Prior to joining Jones Day in 2010, Joan was the longest serving chief counsel in the Division of Enforcement at the SEC, where she played a key role in establishing enforcement policies and worked closely with Commission and senior SEC staff. Joan literally wrote the book on SEC enforcement when she oversaw creation of the first version of the SEC Enforcement Manual. As chief counsel, she led hundreds of Wells meetings and settlement negotiations. At Jones Day, Joan has extensive experience submitting persuasive Wells submissions, having reviewed thousands of such submissions while on the SEC staff.
Joan is the president-elect of the board of trustees of the SEC Historical Society. She also serves on the Executive Committee of the board of trustees of the Legal Aid Society of the District of Columbia. She frequently speaks and writes on SEC enforcement related topics.
John Walsh is a 23-year veteran of the Securities and Exchange Commission (SEC), John Walsh joined Eversheds Sutherland (US) in October 2011. With his deep, insider’s experience and perspective of the SEC, John now represents broker-dealers, hedge funds, investment advisers and other securities firms in compliance and regulatory issues involving the agency.

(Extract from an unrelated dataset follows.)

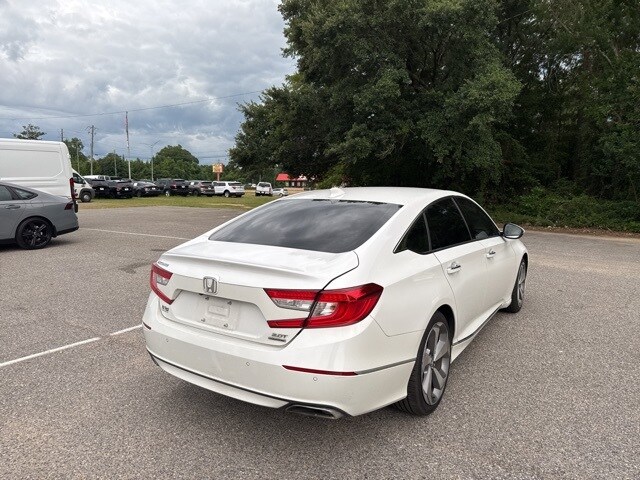 2020 Honda Accord Touring 2.0T photo 4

He counsels clients on the full spectrum of securities issues from development and compliance to cooperation in examinations and defense in enforcement proceedings.
At the SEC, John played a key role in creating the Office of Compliance Inspections and Examinations (OCIE), which administers examinations of U.S. registered securities entities. He designed and implemented the SEC’s securities compliance examination practices, first as a senior advisor for compliance policy and then, most recently, as associate director-chief counsel. In 2009, he served as OCIE’s acting director and led a massive retraining of examination staff on antifraud techniques.
Prior to his tenure at OCIE, John was special counsel to former SEC Chairman Arthur Levitt from 1993 to 1995. From 1990 to 1993, he worked in the SEC Division of Enforcement, serving first as senior counsel and then as chief of the branch of regional office assistance, where he regularly appeared before the Commission’s closed meetings to present and discuss regional office enforcement cases.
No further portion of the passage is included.